Van der Rohe’s personal home has hit the market for $825,000. In 1938, the architect left Germany and lived in various hotel rooms before settling here a few years later. An elegant six-story building with two apartments per floor, there are beautiful classical details throughout the cozy space, pretty much the opposite of Mie’s own open-plan designs. This vintage but renovated mezzanine has two en-suite bedrooms, a large butler’s pantry, a possible third bedroom or office right off the kitchen, and in-unit laundry. It is located across the street from the Museum of Contemporary Art and just steps from Lake Michigan and all the hustle and bustle of the Magnificent Mile.
One of van der Rohe’s best-known projects was 860–880 North Lake Shore Drive, commissioned by developer Herbert Greenwald and constructed between 1949–51. This southwest corner unit was reinterpreted by an architect who transformed what was a three-bedroom into a light and airy two-bedroom residence. Miesian touches are everywhere from functional millwork to cork flooring, but the most dominant feature is a custom-designed travertine dining table. As part of a cooperative, owners pay a monthly assessment that includes property taxes, utilities, maintenance expenses and the property’s mortgage.
The success of 860–880 Lake Shore Drive led Mies to design the Esplanade Apartments. The building was built between 1953–56 and has a slimmer dark-tinted glass curtain wall compared to its neighbor to the south. Converted to apartments in 1979, former residents include van der Rohe’s grandson, Dirk Lohan, as well as other famous architects such as Stanley Tigerman and Brigitte Peterhans. In this particular listing, three individual units were combined into a large four-bedroom, three-bathroom home with two full walls of floor-to-ceiling windows. Imagine waking up from one of the bedrooms with endless lake views and natural light.
Lakeview’s Commonwealth Plaza was another investment by van der Rohe’s most important client, Herbert Greenwald, whose death in 1959 stopped the development of two more towers planned for the site. Located on the top floor, this one-bedroom, two-bathroom loft-style apartment has stunning views of the lake, downtown skyline, and nearby Lincoln Park.

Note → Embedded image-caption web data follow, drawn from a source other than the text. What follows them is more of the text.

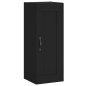 vidaXL Aparador de madera contrachapada negro 34,5x34x180 cm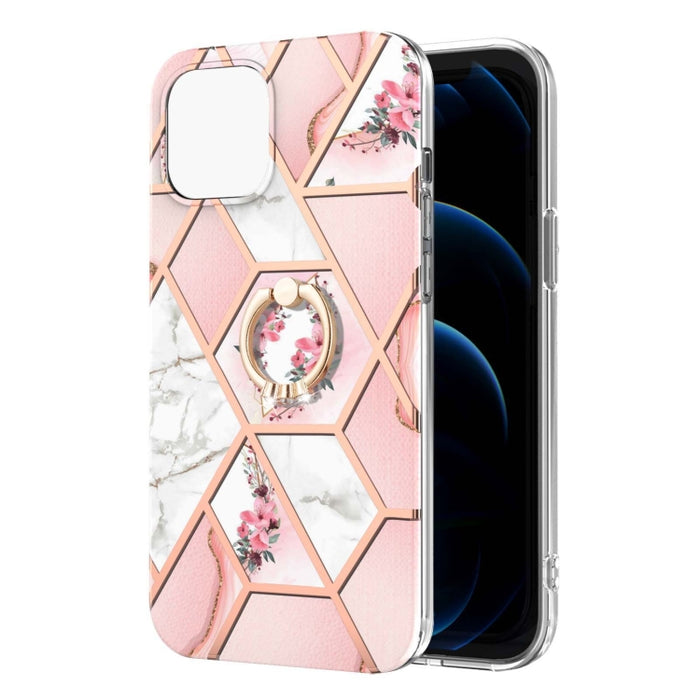 Estuche a prueba de golpes TPU con estampado de flores de mármol y empalme de galvanoplastia con soporte para anillo de diamantes de imitación
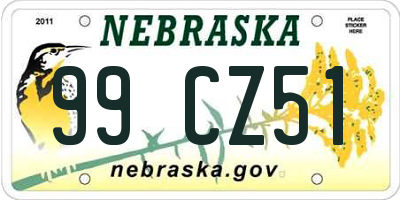 NE license plate 99CZ51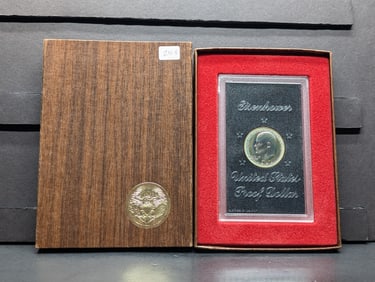 1974-S Eisenhower Proof Silver Dollar in Brown Box  40% Silver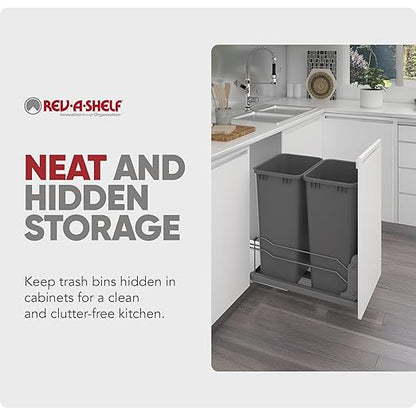 Rev-A-Shelf Double Pullout Trash Cans for Full Height Kitchen Cabinets 50 Quart 12.5 Gallon with Soft-Close Slides, 14.5" Min Opening, 53WC-2150SCDM-213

The all-amenity buildings come with $1,412 monthly HOA fees that cover an outdoor pool, tennis court, 24-hour security and heat/water/air conditioning. There is a long wait for parking, but this unit comes with one space in the attached garage (but you’re out of luck if you like a variety of pets – only cats are allowed in this complex).
Our latest property happens to be the last high-rise residential building created by van der Rohe in Chicago. The 30-story, 264-unit building dates back to 1963 with its $960 monthly HOA fees that cover services like heat and air conditioning, as well as a 24-hour security and on-site manager. Currently listed at $459,900, this southwest two bedroom, two bath unit has been recently renovated. Not only can residents enjoy an outdoor pool, but there are stunning views of Lincoln Park and Lake Michigan from the building’s rooftop.